## Mediation

Mediation is a complex topic, and the key message to take on — before starting to analyse your data — is that mediation analayses make many strong assumptions abou the data. These assumptions can often be pretty unreasonable, when spelled out, so be cautious in the interpretation of you data.

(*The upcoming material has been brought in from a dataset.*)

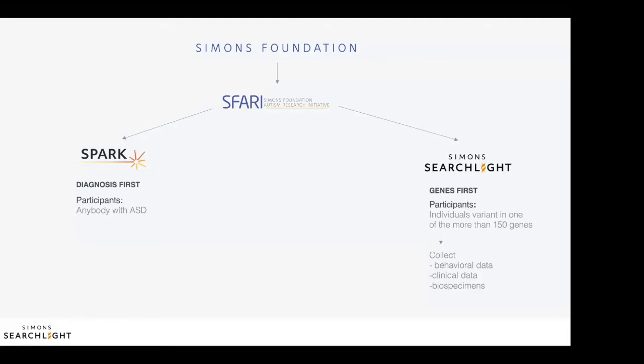In addition, any researcher around the world can apply to use the resources — that is, data and samples — collected through Simon Searchlight. One of those available resources are induced pluripotent stem cells, or IPS cells. So let's talk about what IPS cells are and where they come from.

Put differently, mediation is a correlational technique aiming to provide a causal interpretation of data; caveat emptor.

### Mediation with multiple regression

One common (if outdated) way to analyse mediation is via the 3 steps described by Baron and Kenny @baron1986moderator (also see @zhao_reconsidering_2010).

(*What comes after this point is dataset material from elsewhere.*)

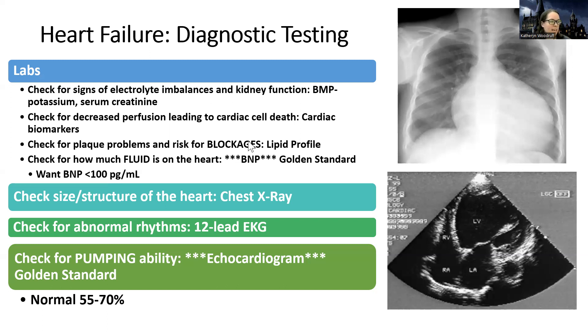We also want to see, because there's less perfusion to the heart, if the heart itself is getting the perfusion it needs. These patients are also very high risk for heart attacks, and sometimes a heart attack can cause the heart failure. So we're going to check biomarkers like troponin and CK-MB. We're also going to look for plaque and blockage issues — that's going to be your cholesterol level: total cholesterol, HDLs, LDLs, and triglycerides.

Let’s say we have a hypothesised situation such as this:

knit_gv("
Lateness -> Crashes
Lateness -> Speeding
Speeding -> Crashes
")

Baron and Kenny propose 3 steps to establishing mediation. These steps correspond to three separate regression models:

### Mediation Steps

#### Step 1 (check distal variable predicts mediator)

That is, show Lateness predicts Crashes

#### Step 2 (check distal variable predict mediator)

That is, show Lateness predicts Speeding

#### Step 3 (check for mediation)

That is, show Speeding predicts Crashes, controlling for Lateness

An additional step, which allows us to test whether the effect is completely mediated, also uses the final regression model:

#### Step 4 (check for total mediation)

That is, check if Lateness still predicts crashes, controlling for Lateness

### Mediation example after Baron and Kenny

Using simulated data, we can work through the steps.

smash %>% glimpse
Observations: 200
Variables: 4
$person <int> 1, 2, 3, 4, 5, 6, 7, 8, 9, 10, 11, 12, 13, 14, 15, 16, …$ lateness <int> 11, 12, 9, 8, 11, 4, 11, 7, 8, 11, 9, 10, 9, 11, 13, 10…
$speed <dbl> 48.88524, 43.07030, 33.72812, 44.17897, 51.22378, 40.86…$ crashes  <int> 15, 9, 12, 20, 25, 13, 22, 14, 22, 18, 11, 16, 19, 15, …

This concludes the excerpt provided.